The FDA issued a security alert on May 18, saying that HIV-1-infected women treated with dolutegravir (DTG) have reported severe congenital neural tube defects in the brain and spine/spinal cord of their babies. An initial result of a prospective study being conducted in Botswana showed that patients who have received dolutegravir HIV-1-infected patients during pregnancy or early pregnancy have a higher risk of developing the above-mentioned defects.
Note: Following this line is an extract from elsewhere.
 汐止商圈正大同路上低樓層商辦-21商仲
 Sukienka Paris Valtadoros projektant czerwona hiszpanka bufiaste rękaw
Neural tube defect is a neonatal defect caused by the failure of normal development of the spinal cord, brain, and related organs in early embryo formation. In this observational study, women with dolutegravir during the second trimester have not reported neonatal neural tube defects. The FDA said it is investigating the safety of dolutegravir further.
The FDA recommends that patients do not stop abruptly without communicating with healthcare practitioners. Otherwise, HIV-1 infection may worsen. The specific recommendations are as follows:
If you are already pregnant, stopping the use of dolutegravir without an alternative drug will cause the HIV-1 viral load to rise and be transmitted to the fetus.
If dolutegravir is used during pregnancy or during the first 3 months of pregnancy, the fetus may have a higher risk of neural tube development defects. Pregnant women should communicate with healthcare practitioners using a treatment that does not contain dolutegravir.
If you are already pregnant or are pregnant, you should talk to your health care provider before using dolutegravir-containing drugs to see if alternative treatments are available.
Women of gestational age should take effective birth control measures before taking medications containing dolutegravir.
Before treatment with drugs containing dolutegravir, tests should be performed to see if they are pregnant.
Dolutegravir is an integrase chain transfer inhibitor (INSTI) that inhibits HIV-1 virus replication. It was first approved by the FDA in August 2013 and its time to market was close to five years. There are currently three FDA-approved drugs containing dolutegravir, including Tivicay (dolutegravir), Juluca (Juluca/ripiprin), and Triumeq (abacavir/dolutegravir).
Global AIDS drug market size (billion U.S. dollars) and corporate share
It’s a bad news for GSK undoubtedly, whose AIDS business is increasingly contributing to corporate revenue. With these three drugs, GSK is launching a powerful challenge to Gilead’s dominance of the AIDS drug market. Currently, the efficacy of AIDS drugs is facing a bottleneck. Safety is a topic that doctors and patients are most concerned about.